YOUR OBJECTIVE: Once the pictures are set aside, copy everything else in the records exactly.

THE INPUT:
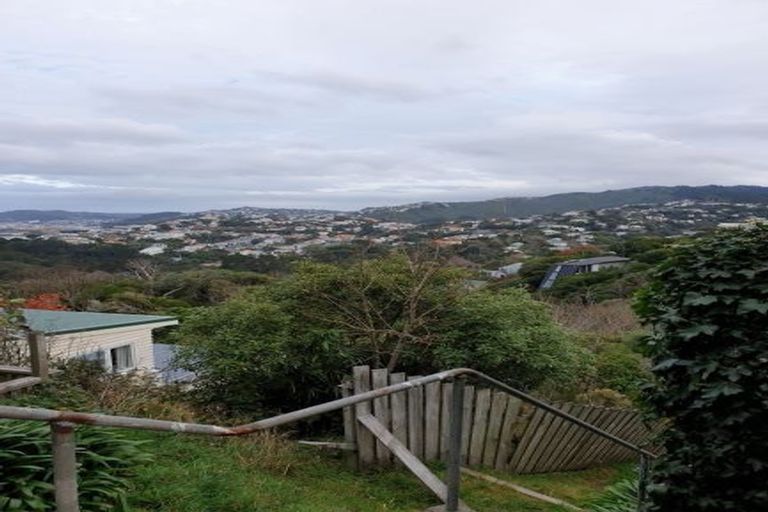 Photo of property in 1/10 Mataroa Avenue, Northland, Wellington, 6012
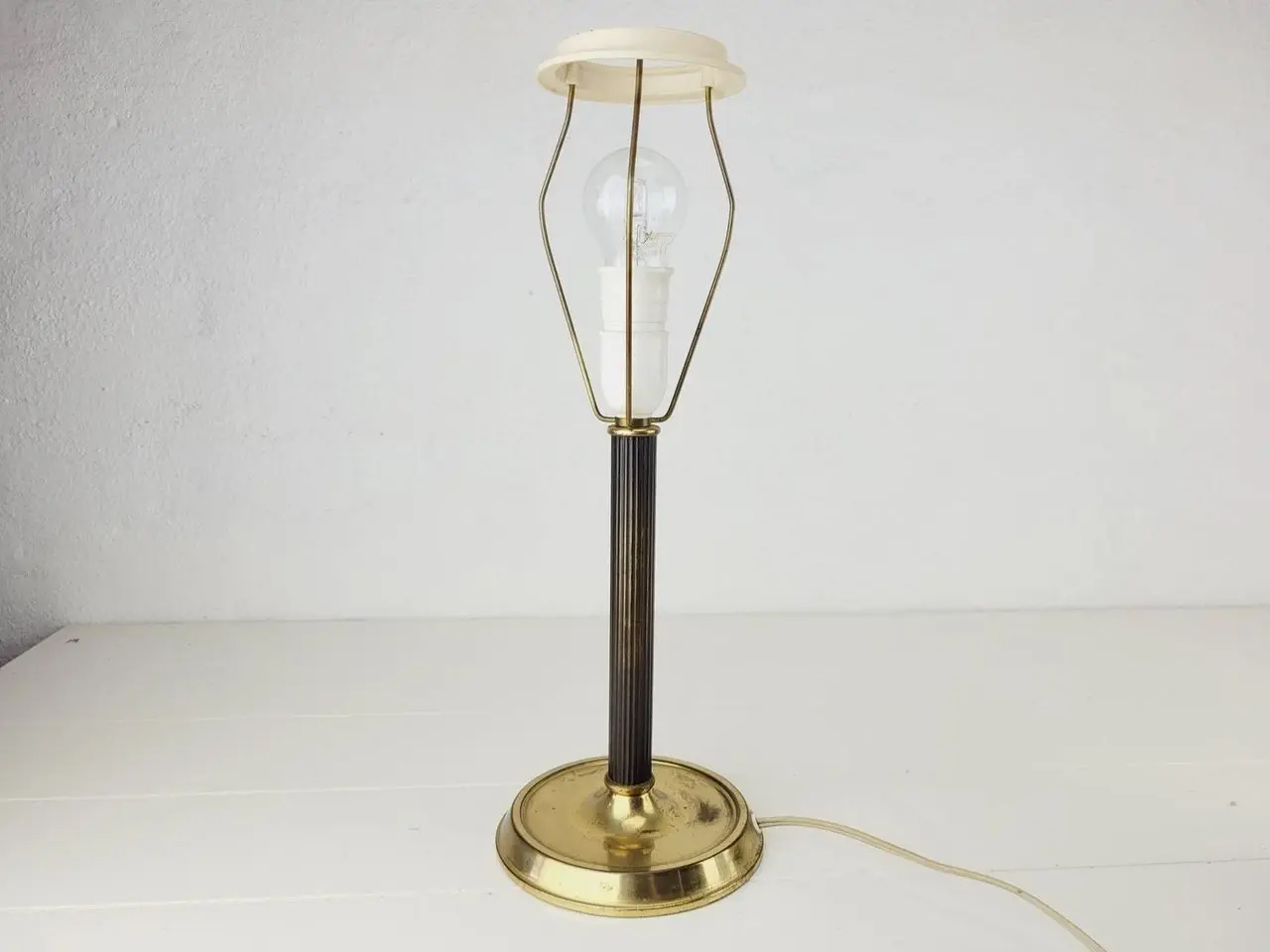 Billede 1 - ⭐️ Elegant bordlampe i messing i en fortryllende E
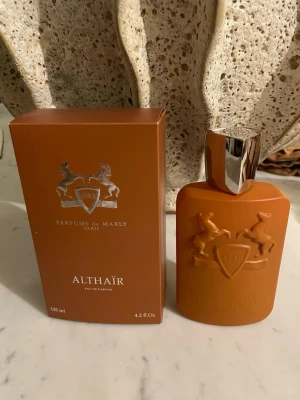 Parfums de Marly Althaïr - Säljer nu min PDM Althaïr då den inte används. Det finns ca 110-115 ml kvar (se rött streck på bild) och flaskan saknar helt tecken på användning. Original box medföljer! Köpt på notino.se för ca ett år sedan. Hör gärna av er för fler bilder eller frågor!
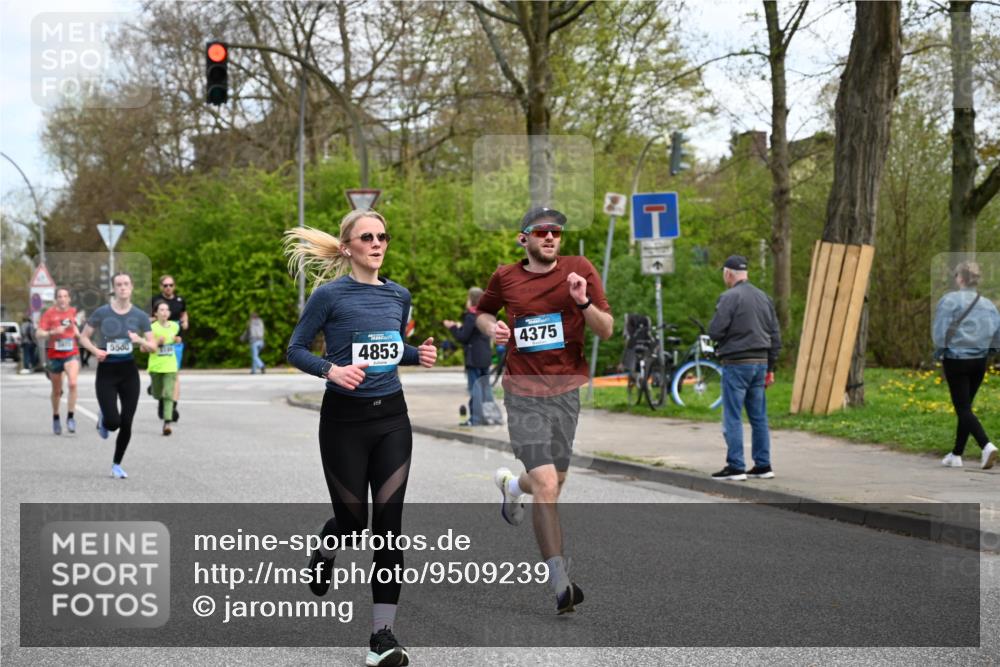 12.04.2026 - 45. Internationalen Wilhelmsburger Insellauf J. Mangold http://msf.ph/oto/9509239 12.04.2026 12:57:00 Ziel 5141, 5549, 5163, 5147, 3600, 2491, 3985, 4598, 3921, 5343, 3867, 5500, 5073, 5189, 3287, 4186, 4375, 3973, 4853, 4569, 2624, 5801, 4097, 5744, 4524, 4259, 5791, 5696, 5696, 4740, 4599, 5062, 4851, 5172, 4959, 5322, 5129, 3190 meine-sportfotos.de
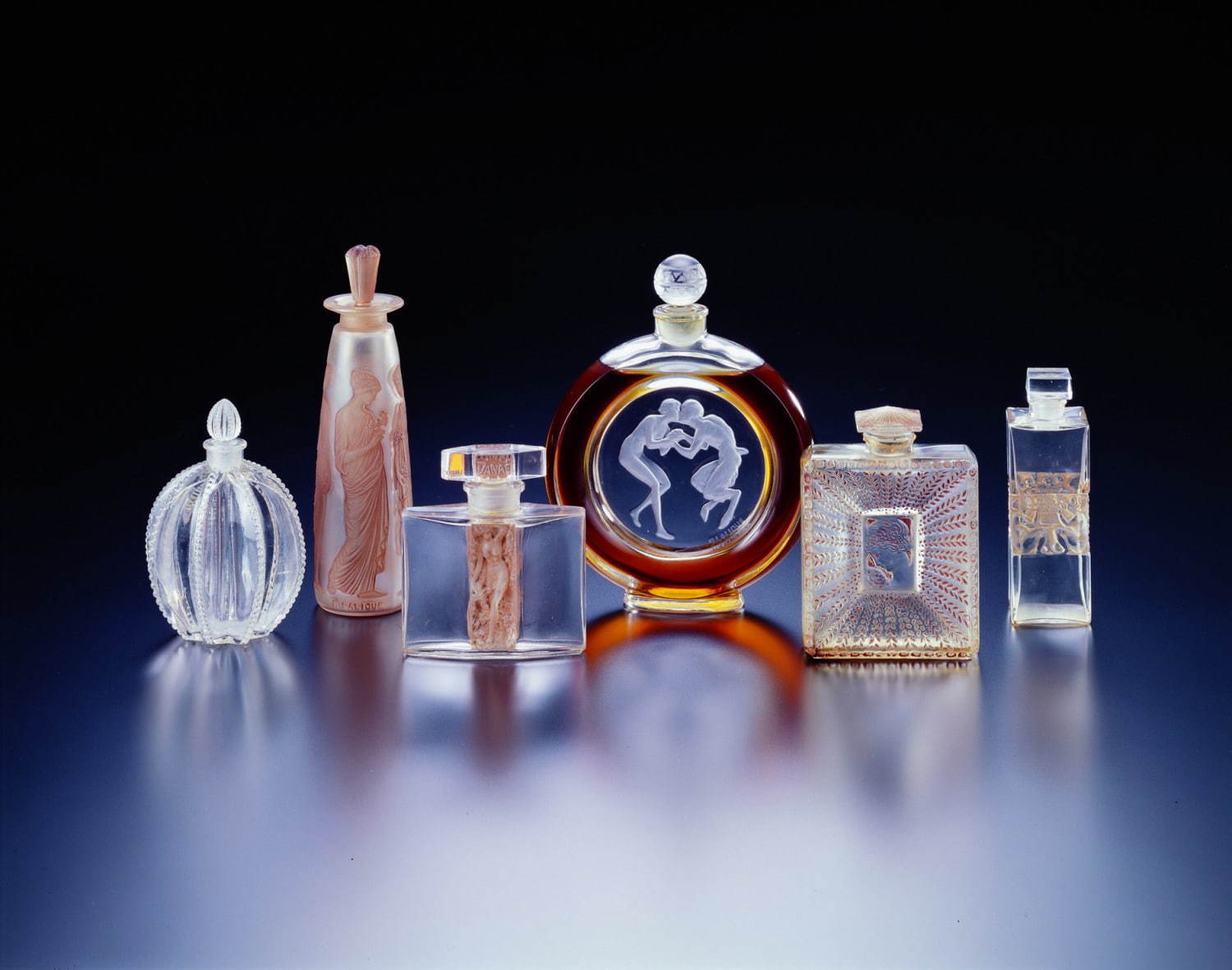 香水瓶《牧神のくちづけ》 モリナール社 1928年(左から3番目)ほか香水瓶各種 北澤美術館蔵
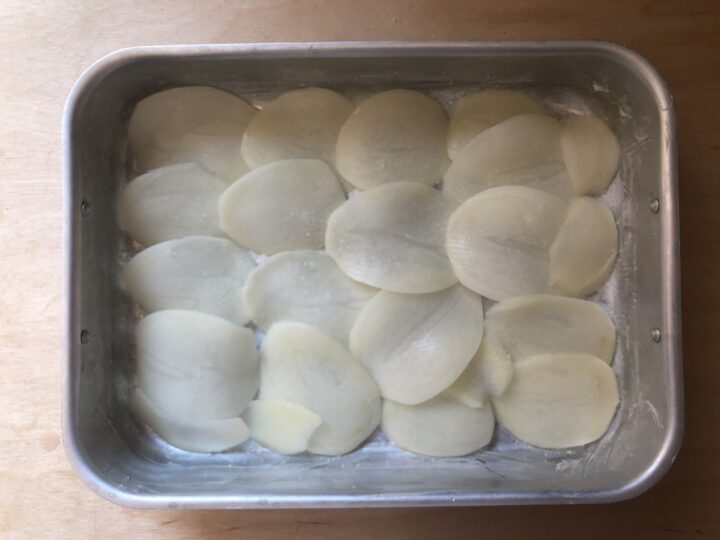 millefoglie di patate e prosciutto - primo strato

RESPONSE TO THE EXERCISE:
 Photo of property in 1/10 Mataroa Avenue, Northland, Wellington, 6012
 Billede 1 - ⭐️ Elegant bordlampe i messing i en fortryllende E
 Parfums de Marly Althaïr - Säljer nu min PDM Althaïr då den inte används. Det finns ca 110-115 ml kvar (se rött streck på bild) och flaskan saknar helt tecken på användning. Original box medföljer! Köpt på notino.se för ca ett år sedan. Hör gärna av er för fler bilder eller frågor!
 12.04.2026 - 45. Internationalen Wilhelmsburger Insellauf J. Mangold http://msf.ph/oto/9509239 12.04.2026 12:57:00 Ziel 5141, 5549, 5163, 5147, 3600, 2491, 3985, 4598, 3921, 5343, 3867, 5500, 5073, 5189, 3287, 4186, 4375, 3973, 4853, 4569, 2624, 5801, 4097, 5744, 4524, 4259, 5791, 5696, 5696, 4740, 4599, 5062, 4851, 5172, 4959, 5322, 5129, 3190 meine-sportfotos.de
 香水瓶《牧神のくちづけ》 モリナール社 1928年(左から3番目)ほか香水瓶各種 北澤美術館蔵
 millefoglie di patate e prosciutto - primo strato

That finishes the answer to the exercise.